Diedrich and her board are acting fast. They’ll need to vacate the mansion by the end of 2013, if not before. Diedrich has already initiated an “outlooking” phase. She’s consulted an architect, a real estate broker, a fundraising expert, and formed a capital campaign committee.
A short timeframe poses a challenge to a capital campaign because a facility renovation could be costly, and that would take time to fundraise. It took the Hyde Park Art Center, for example, three years to raise $6.3 million for a renovation completed in 2006. The EAC might have just one year if it intends to keep its programming seamless.

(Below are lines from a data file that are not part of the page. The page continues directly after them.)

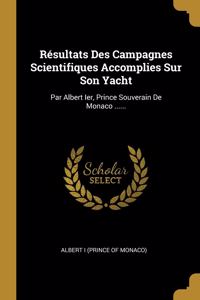 Résultats Des Campagnes Scientifiques Accomplies Sur Son Yacht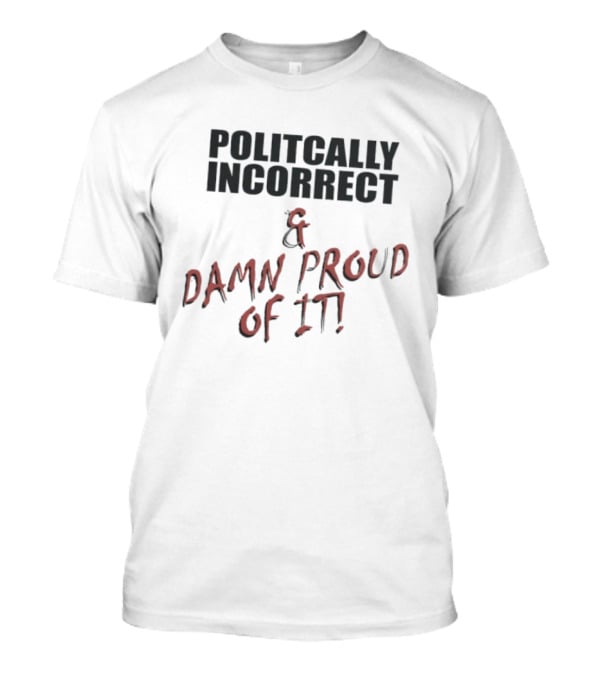 Politically Incorrect & Damn Proud Of It T-Shirt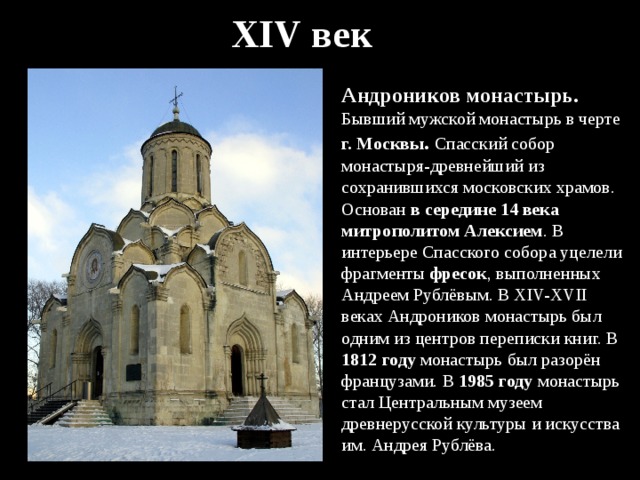 XIV век Андроников монастырь. Бывший мужской монастырь в черте г. Москвы . Спасский собор монастыря-древнейший из сохранившихся московских храмов. Основан в середине 14 века митрополитом Алексием . В интерьере Спасского собора уцелели фрагменты фресок , выполненных Андреем Рублёвым. В XIV-XVII веках Андроников монастырь был одним из центров переписки книг. В 1812 году монастырь был разорён французами. В 1985 году монастырь стал Центральным музеем древнерусской культуры и искусства им. Андрея Рублёва. 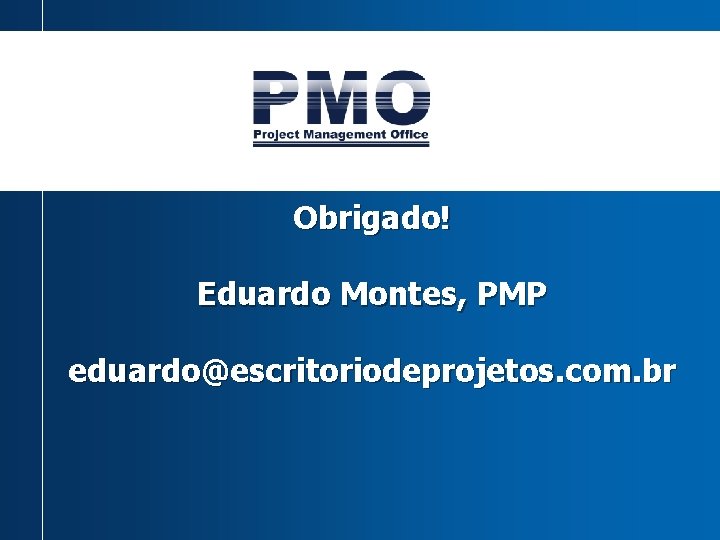 Obrigado! Eduardo Montes, PMP eduardo@escritoriodeprojetos. com. br 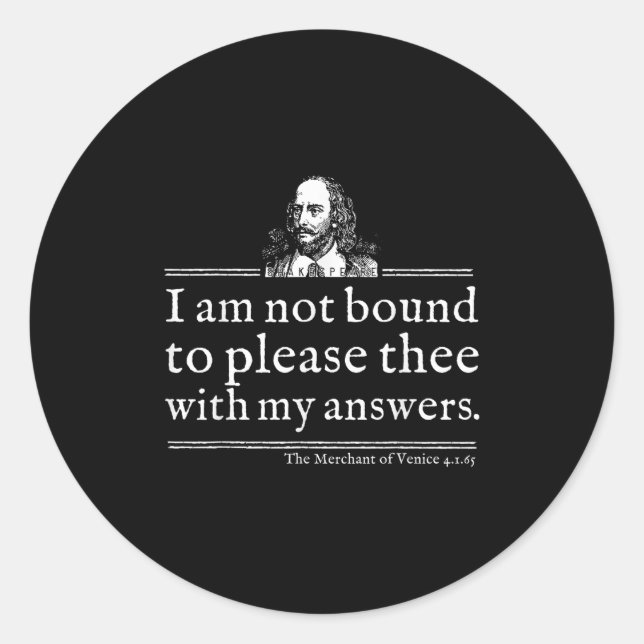 Not Bound To Please Shakespeare Quote Shirt Theate Classic Round Sticker (Front)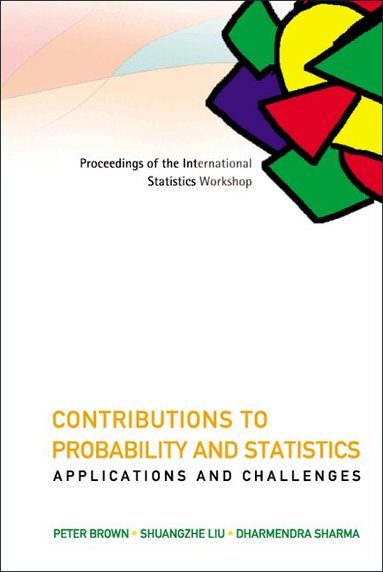 BROWN PETER, Peter Brown, Shuangzhe Liu, Dharmendra Sharma - CONTRIBUTIONS TO PROBABILITY AND STATISTICS: APPLICATIONS AND CHALLENGES - PROCEEDINGS OF THE INTERNATIONAL STATISTICS WORKSHOP, Inbunden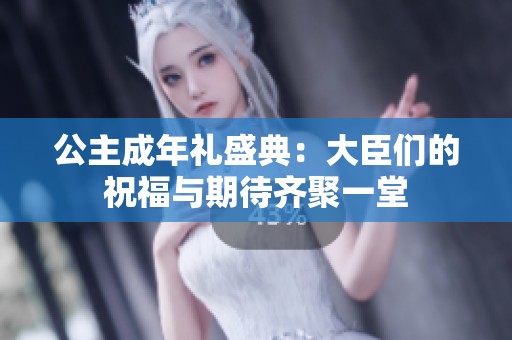 公主成年礼盛典：大臣们的祝福与期待齐聚一堂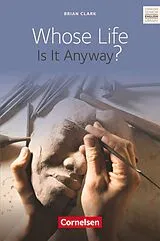 Kartonierter Einband Whose Life Is It Anyway? von Brian Clark, Albert-Reiner Glaap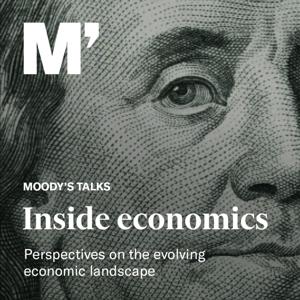 Moody's Talks - Inside Economics by Moody's Analytics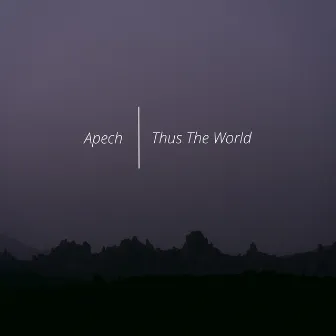 Thus The World by Apech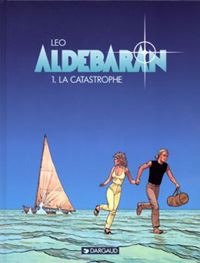 Cycle d'Aldébaran: la catastrophe : la Catastrophe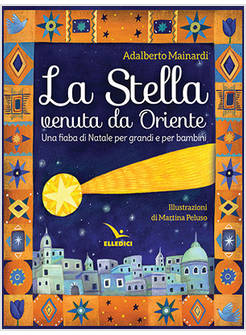 LA STELLA VENUTA DA ORIENTE. UNA FIABA DI NATALE PER GRANDI E PER BAMBINI
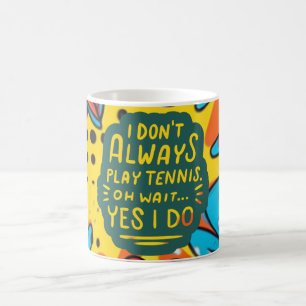 Mug Tennis Funny Dire pour le joueur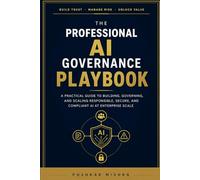 The Professional AI Governance Playbook: A Practical Guide to Building, Governing, and Scaling Responsible, Secure, and Compliant AI at Enterprise Scale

But the future stability of the art center doesn’t simply hinge on finding a new home. To assure its longevity the EAC needs to elevate its public image. The quaint mansion hardly signifies a place where newcomers can participate in creative, experimental cultural offerings—even if the EAC has long welcomed all who have walked through its doors.
High visibility in a busier part of Evanston and easy access to public transit rank very high on Diedrich’s checklist of priorities for a new facility. “We want to be in the thick of it,” says Diedrich.
More than foot traffic and curb appeal, though, Diedrich wants the EAC’s offerings to be relevant to local citizens. A dynamic integration with community life could assure the success of all regional art centers. “Art is very rich and alive,” says Diedrich; “it’s not a spectator sport.” She looks to the Yerba Buena Center, a prolific and prestigious sprawling multidisciplinary venue in San Francisco, as a model for the future of the EAC. “There’s no reason why we can’t do that here,” she says.
Strengthening its identity within the local art world may be key to assuring the EAC’s future vitality. For example, the Hyde Park Art Center solidified its reputation as an innovator and contributor of important local culture with the Hairy Who? exhibitions in the mid-1960s. No such trademark immediately springs to mind with the EAC; however, the EAC isn’t lacking in prestigious names, as Martin Puryear and Gordon Matta-Clark have exhibited there, and Kerry James Marshall taught there.
“Almost everyone on the North Shore,” says Diedrich, “has had some connection to this art center. Parents or children went here, peers exhibited here. A huge number of people have been through this place in one way or another.”
A fresh study conducted by the Evanston Community Foundation reveals that people in the surrounding communities do want a vibrant art center. In the next few weeks a proposal titled “Roadmap for the Arts in Evanston” will be presented.
The EAC was founded at the start of the Great Depression in 1929. Diedrich pulled a 1944 newspaper clipping and read a line from then-director Katherine Lord: “In this time of unrest it behooves us all to develop the things of the spirit, and to work with all our hearts to build up that which neither wars nor depressions can take from us.”
No matter the year, an art center’s existence depends on the ability to lead its constituents with confidence into the unknown.